▸ **Extracted data entries**:
......
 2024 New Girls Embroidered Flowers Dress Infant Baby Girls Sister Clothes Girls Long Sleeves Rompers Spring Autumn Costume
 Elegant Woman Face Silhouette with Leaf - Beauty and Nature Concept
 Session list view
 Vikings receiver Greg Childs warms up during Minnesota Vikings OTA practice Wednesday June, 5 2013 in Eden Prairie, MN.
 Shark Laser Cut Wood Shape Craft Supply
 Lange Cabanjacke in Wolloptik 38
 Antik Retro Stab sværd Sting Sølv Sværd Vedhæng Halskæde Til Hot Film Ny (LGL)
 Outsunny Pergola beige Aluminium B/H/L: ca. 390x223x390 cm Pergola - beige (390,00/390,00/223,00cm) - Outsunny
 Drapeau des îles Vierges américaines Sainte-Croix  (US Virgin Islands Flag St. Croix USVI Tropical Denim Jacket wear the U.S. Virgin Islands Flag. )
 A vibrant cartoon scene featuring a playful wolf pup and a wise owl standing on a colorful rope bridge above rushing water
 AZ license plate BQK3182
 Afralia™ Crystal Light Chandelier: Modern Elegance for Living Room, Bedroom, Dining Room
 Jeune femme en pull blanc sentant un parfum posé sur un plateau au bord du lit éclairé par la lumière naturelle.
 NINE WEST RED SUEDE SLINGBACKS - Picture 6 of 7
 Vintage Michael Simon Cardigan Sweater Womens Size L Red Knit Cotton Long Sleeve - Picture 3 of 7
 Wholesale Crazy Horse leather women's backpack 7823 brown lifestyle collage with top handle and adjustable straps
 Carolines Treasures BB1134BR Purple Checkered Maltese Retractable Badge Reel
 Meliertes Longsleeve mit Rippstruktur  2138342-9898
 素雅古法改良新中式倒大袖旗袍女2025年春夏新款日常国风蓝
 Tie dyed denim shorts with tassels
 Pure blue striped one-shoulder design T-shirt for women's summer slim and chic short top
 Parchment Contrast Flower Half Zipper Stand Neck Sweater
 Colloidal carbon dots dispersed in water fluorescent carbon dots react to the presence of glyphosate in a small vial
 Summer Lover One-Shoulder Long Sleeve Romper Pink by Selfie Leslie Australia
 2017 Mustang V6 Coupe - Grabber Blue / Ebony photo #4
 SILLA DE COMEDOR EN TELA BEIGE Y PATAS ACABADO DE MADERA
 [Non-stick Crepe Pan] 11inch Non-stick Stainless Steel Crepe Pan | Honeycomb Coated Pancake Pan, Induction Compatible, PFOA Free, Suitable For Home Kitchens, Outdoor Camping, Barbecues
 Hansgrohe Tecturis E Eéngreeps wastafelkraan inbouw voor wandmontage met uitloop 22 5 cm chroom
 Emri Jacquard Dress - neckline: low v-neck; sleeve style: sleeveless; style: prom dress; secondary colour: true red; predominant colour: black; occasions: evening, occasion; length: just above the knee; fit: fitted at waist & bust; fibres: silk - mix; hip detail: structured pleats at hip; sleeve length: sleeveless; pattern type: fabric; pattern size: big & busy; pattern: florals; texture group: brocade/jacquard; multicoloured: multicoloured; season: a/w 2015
......
▸ **Exercise details**: From the line that contains "Colloidal carbon dots" through the end of the records above, print every line exactly and nothing else.

▸ **The completed task**:
 Colloidal carbon dots dispersed in water fluorescent carbon dots react to the presence of glyphosate in a small vial
 Summer Lover One-Shoulder Long Sleeve Romper Pink by Selfie Leslie Australia
 2017 Mustang V6 Coupe - Grabber Blue / Ebony photo #4
 SILLA DE COMEDOR EN TELA BEIGE Y PATAS ACABADO DE MADERA
 [Non-stick Crepe Pan] 11inch Non-stick Stainless Steel Crepe Pan | Honeycomb Coated Pancake Pan, Induction Compatible, PFOA Free, Suitable For Home Kitchens, Outdoor Camping, Barbecues
 Hansgrohe Tecturis E Eéngreeps wastafelkraan inbouw voor wandmontage met uitloop 22 5 cm chroom
 Emri Jacquard Dress - neckline: low v-neck; sleeve style: sleeveless; style: prom dress; secondary colour: true red; predominant colour: black; occasions: evening, occasion; length: just above the knee; fit: fitted at waist & bust; fibres: silk - mix; hip detail: structured pleats at hip; sleeve length: sleeveless; pattern type: fabric; pattern size: big & busy; pattern: florals; texture group: brocade/jacquard; multicoloured: multicoloured; season: a/w 2015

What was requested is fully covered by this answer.